* _THE PROBLEM_
Omit the pictures. Transcribe exactly the lines below, from the one with "Вибромассажер INSPIRE VIB RMT KEGEL EXERCISR Вибромассажер" up to and including the last.

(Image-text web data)
# # #
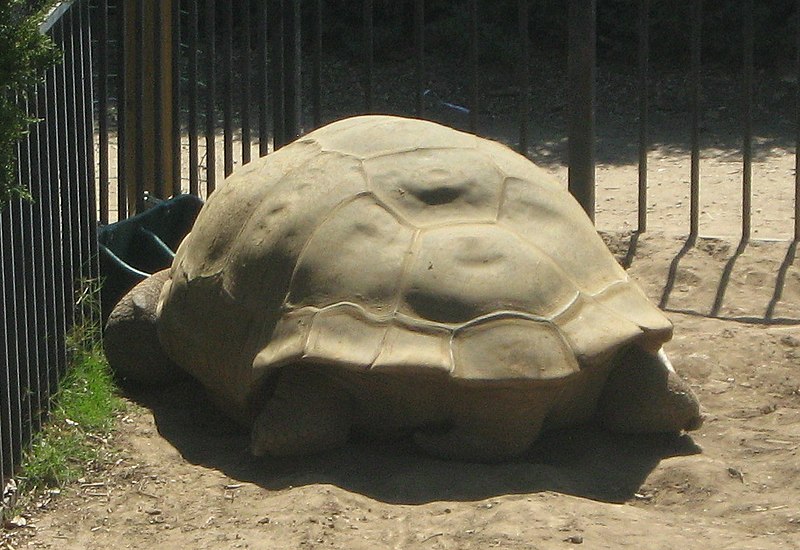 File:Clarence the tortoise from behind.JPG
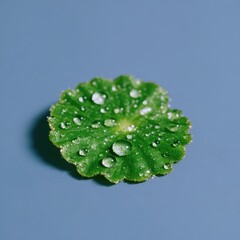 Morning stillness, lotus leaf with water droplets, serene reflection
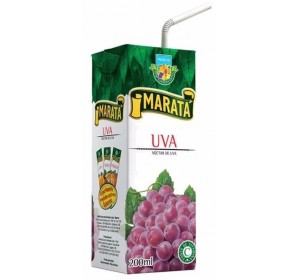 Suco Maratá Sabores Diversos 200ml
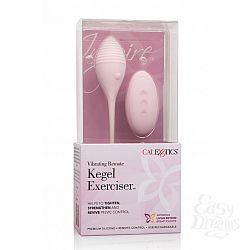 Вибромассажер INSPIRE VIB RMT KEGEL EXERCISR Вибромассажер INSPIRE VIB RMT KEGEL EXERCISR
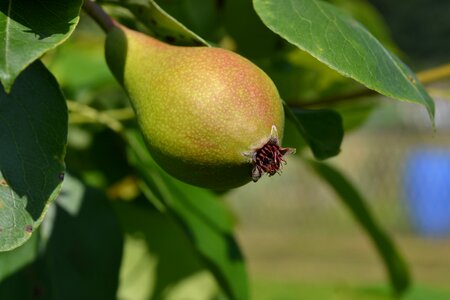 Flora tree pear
# # #
* _RESPONSE_
 Вибромассажер INSPIRE VIB RMT KEGEL EXERCISR Вибромассажер INSPIRE VIB RMT KEGEL EXERCISR
 Flora tree pear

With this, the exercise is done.